# Your goal:
Give back the entries exactly, ending with the "الشؤون الاجتماعية وإدارة" line.

——

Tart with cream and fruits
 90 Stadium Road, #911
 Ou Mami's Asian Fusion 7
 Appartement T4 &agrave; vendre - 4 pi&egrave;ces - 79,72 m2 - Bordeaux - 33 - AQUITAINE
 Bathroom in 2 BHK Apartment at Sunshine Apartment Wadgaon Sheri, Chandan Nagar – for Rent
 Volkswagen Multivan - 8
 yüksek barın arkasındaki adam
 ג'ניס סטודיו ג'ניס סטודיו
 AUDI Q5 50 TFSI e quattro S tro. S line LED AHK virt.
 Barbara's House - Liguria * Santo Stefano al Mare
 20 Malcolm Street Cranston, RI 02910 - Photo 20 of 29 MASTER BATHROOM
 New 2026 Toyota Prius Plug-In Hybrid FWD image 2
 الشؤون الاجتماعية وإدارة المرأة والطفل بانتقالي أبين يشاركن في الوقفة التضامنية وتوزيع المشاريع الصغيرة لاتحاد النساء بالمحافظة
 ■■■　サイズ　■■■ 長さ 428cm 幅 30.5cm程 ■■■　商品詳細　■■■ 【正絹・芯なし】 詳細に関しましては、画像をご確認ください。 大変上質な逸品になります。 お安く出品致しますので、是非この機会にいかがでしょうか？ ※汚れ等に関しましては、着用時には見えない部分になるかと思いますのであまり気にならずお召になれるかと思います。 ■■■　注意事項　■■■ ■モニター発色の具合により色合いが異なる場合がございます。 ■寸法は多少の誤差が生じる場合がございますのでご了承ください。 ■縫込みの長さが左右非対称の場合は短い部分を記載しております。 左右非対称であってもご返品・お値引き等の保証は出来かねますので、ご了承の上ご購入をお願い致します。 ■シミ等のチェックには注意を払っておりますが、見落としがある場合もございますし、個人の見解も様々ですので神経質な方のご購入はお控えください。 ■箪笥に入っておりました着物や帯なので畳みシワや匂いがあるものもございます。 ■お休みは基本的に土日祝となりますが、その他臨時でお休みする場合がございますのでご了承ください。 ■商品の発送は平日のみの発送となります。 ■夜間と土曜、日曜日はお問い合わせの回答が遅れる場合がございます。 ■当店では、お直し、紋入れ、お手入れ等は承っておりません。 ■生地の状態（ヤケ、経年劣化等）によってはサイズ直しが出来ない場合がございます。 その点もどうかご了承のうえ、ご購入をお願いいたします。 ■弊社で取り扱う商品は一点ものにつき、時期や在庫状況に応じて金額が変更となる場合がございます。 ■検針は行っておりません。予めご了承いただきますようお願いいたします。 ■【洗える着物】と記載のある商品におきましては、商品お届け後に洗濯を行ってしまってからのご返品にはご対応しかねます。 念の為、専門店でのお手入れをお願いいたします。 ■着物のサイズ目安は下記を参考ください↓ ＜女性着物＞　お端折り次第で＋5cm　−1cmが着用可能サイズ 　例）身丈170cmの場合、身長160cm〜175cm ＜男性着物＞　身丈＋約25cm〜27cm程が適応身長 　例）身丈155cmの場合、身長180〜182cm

——

# Answer space:
Tart with cream and fruits
 90 Stadium Road, #911
 Ou Mami's Asian Fusion 7
 Appartement T4 &agrave; vendre - 4 pi&egrave;ces - 79,72 m2 - Bordeaux - 33 - AQUITAINE
 Bathroom in 2 BHK Apartment at Sunshine Apartment Wadgaon Sheri, Chandan Nagar – for Rent
 Volkswagen Multivan - 8
 yüksek barın arkasındaki adam
 ג'ניס סטודיו ג'ניס סטודיו
 AUDI Q5 50 TFSI e quattro S tro. S line LED AHK virt.
 Barbara's House - Liguria * Santo Stefano al Mare
 20 Malcolm Street Cranston, RI 02910 - Photo 20 of 29 MASTER BATHROOM
 New 2026 Toyota Prius Plug-In Hybrid FWD image 2
 الشؤون الاجتماعية وإدارة المرأة والطفل بانتقالي أبين يشاركن في الوقفة التضامنية وتوزيع المشاريع الصغيرة لاتحاد النساء بالمحافظة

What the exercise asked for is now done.